McCarthy was given a one-year contract extension during the 2017 season that runs through the 2019 campaign. While that extension prevented the appearance that McCarthy was a lame duck in 2018, he’s operating with far less job security than in recent years.
Although the Packers haven’t committed to McCarthy long term, Murphy is standing by his head coach — for now, anyway.
“I have tremendous confidence in Mike,” Murphy said last week. “His track record speaks for itself. He’s one of, to me, one of the better coaches in the league and has served us well.”
Back in 2005, the Packers gave head coach Mike Sherman a two-year contract extension before the season began and then fired him when the season ended. So extensions and votes of confidence are sometimes hollow.
What will eventually determine McCarthy’s fate is how the 2018 Packers perform.

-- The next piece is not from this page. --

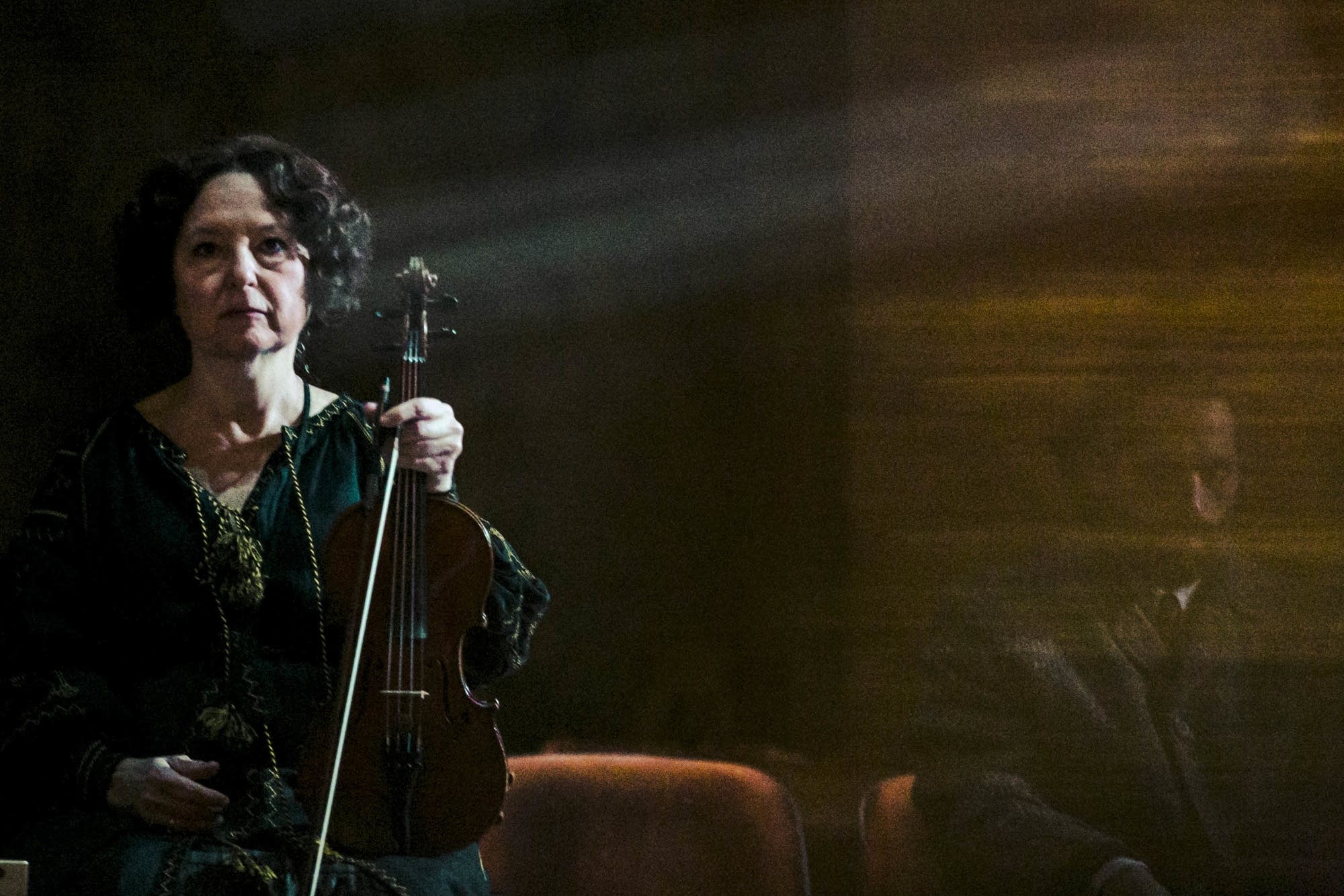 Lisa Gutkin rehearses as Nelly Friedman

“It’s the 2018 Green Bay Packers,” McCarthy said. “This is our opportunity.”
The Packers have accomplished several big things under McCarthy during his first 12 seasons.

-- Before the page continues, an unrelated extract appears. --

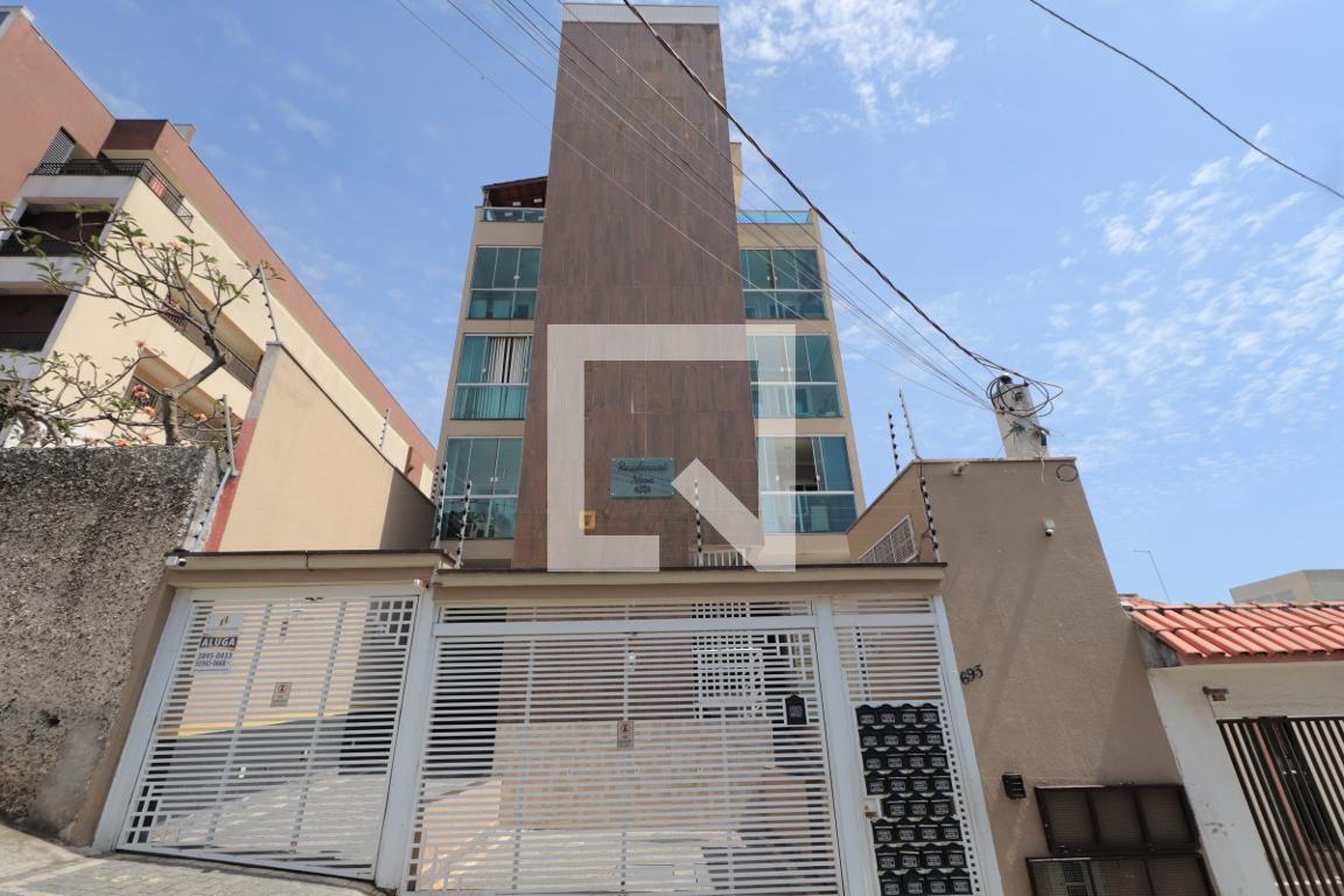 Fachada Residencial Neon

Green Bay has gone to the postseason nine times under McCarthy, including eight straight appearances between 2009 and 2016. McCarthy led Green Bay to a Super Bowl title in the 2010 season and is 121-70-1 overall (.633).
On the flip side, Packer Nation isn’t pleased that the team has been to just one Super Bowl in the McCarthy era despite having Hall of Fame quarterbacks Brett Favre and Aaron Rodgers at the helm. Green Bay is also just 1-3 in NFC Championship Games under McCarthy.
And since 2013, the Packers have gone 5-12-1 in games Rodgers missed entirely or was knocked out of.
In 2013, Green Bay went 2-5-1 after Rodgers broke his left clavicle, and then the team lost its first playoff game. Last year, the Packers went 3-7 after Rodgers broke his right clavicle, and they missed the playoffs for the first time since 2008.
“I think we’re all better for the negative things that have occurred,” McCarthy said. “When you talk about knowledge, the ability to learn from your past experiences and really the past experience of others that are shared with you – and I’m not just talking about the good ones – you learn a lot in this business about the mistakes and the ability to overcome adversity and all those.
“Because, hey, this is going to be a rough ride to get to where we want to go. And when we get there, it’s going to take probably our best to get it done.”
As 2018 begins, the spotlight on McCarthy feels as bright as at any time since a pressure-packed 2009 season.
The Packers traded Favre before the 2008 campaign and went 6-10 that year with Rodgers at the helm. Green Bay then began the 2009 season 4-4, leaving the team 10-14 overall in the post-Favre era.
Before Green Bay’s Week 9 game with Dallas, fans paraded outside Lambeau Field wearing “Fire McCarthy” and “Fire Thompson” buttons.
“I can tell you that ’09 was a tense season for everybody, especially coming off of ’08 the way we played,” Rodgers said. “That was a pretty tense year. We all kind of felt like we were playing for our jobs.”
Several Packers — including McCarthy — saved their jobs by going 7-1 in the second half of that 2009 season. One year later, Green Bay won Super Bowl XLV.
The heat is on McCarthy once again. And how McCarthy’s team performs in 2018 will almost certainly determine if he’ll return in 2019.
“Every coach, every player, everybody has things you have to be in tune with as far as the challenges that are coming personally and professionally,” McCarthy said Wednesday. “That’s all part of the opportunity.”